After the first day, run the following command to confirm data is flowing and the file is growing as expected:
sar -u -f /var/log/sysstat/sa$(date +%d)
What’s the most useful sar flag or pidstat option you leverage in production that didn’t make this list? Share your insights in the comments!
FAQ
Question 1: Why is Sysstat superior to top for diagnosing Linux performance issues?
Answer 1: While top offers an immediate snapshot of system activity, it lacks the historical context and granular detail crucial for complex troubleshooting. Sysstat’s mpstat, pidstat, and sar provide per-core CPU usage, per-process resource consumption over time (including I/O and memory), and invaluable historical data logging. This allows you to identify transient spikes, correlate different system metrics, and pinpoint root causes that a single point-in-time view simply cannot reveal. It’s an indispensable system administration tool for deep dives.
Question 2: How can I ensure Sysstat automatically collects historical performance data?
Answer 2: The most critical step is configuring the sa1 and sa2 cron jobs.
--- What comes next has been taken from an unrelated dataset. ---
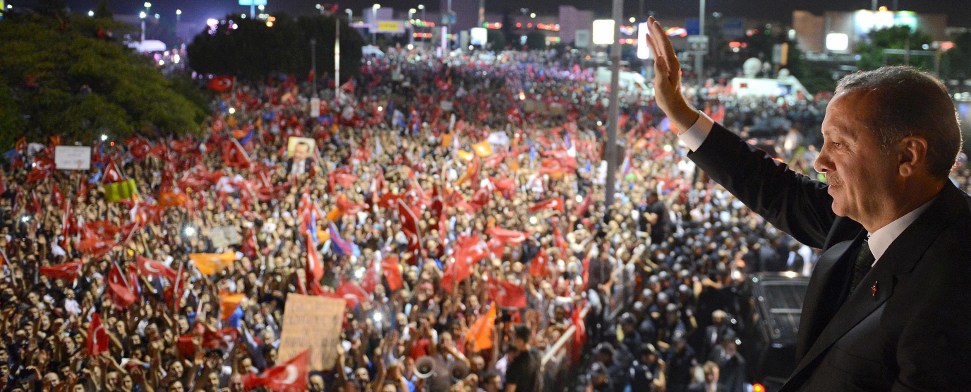 Erdoğan  fordert sofortiges Ende der Proteste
By adding entries to your root crontab (e.g., /usr/lib/sysstat/sa1 1 1 every 10 minutes and /usr/lib/sysstat/sa2 -A daily), Sysstat will continuously log system activity to binary files in /var/log/sysstat/. This proactive setup is a cornerstone of effective Linux server troubleshooting, enabling you to analyze incidents that occurred hours or days ago without active real-time monitoring. Remember to also enable data collection if you’re on Ubuntu/Debian by setting ENABLED="true" in /etc/default/sysstat.
Question 3: What’s a common Sysstat workflow for diagnosing high I/O wait or disk bottlenecks?
Answer 3: A typical workflow begins with sar -u to confirm general CPU usage and identify high %iowait values. If iowait is significant, proceed to pidstat -d to pinpoint which specific processes are generating heavy disk I/O (look at kB_rd/s, kB_wr/s, and iodelay). For deeper block device analysis, use sar -d to examine await, svctm, and aqu-sz for individual disks, determining if the bottleneck is due to slow disk performance or an overloaded I/O queue. This methodical approach is vital for effective Linux performance monitoring and resolving storage-related issues.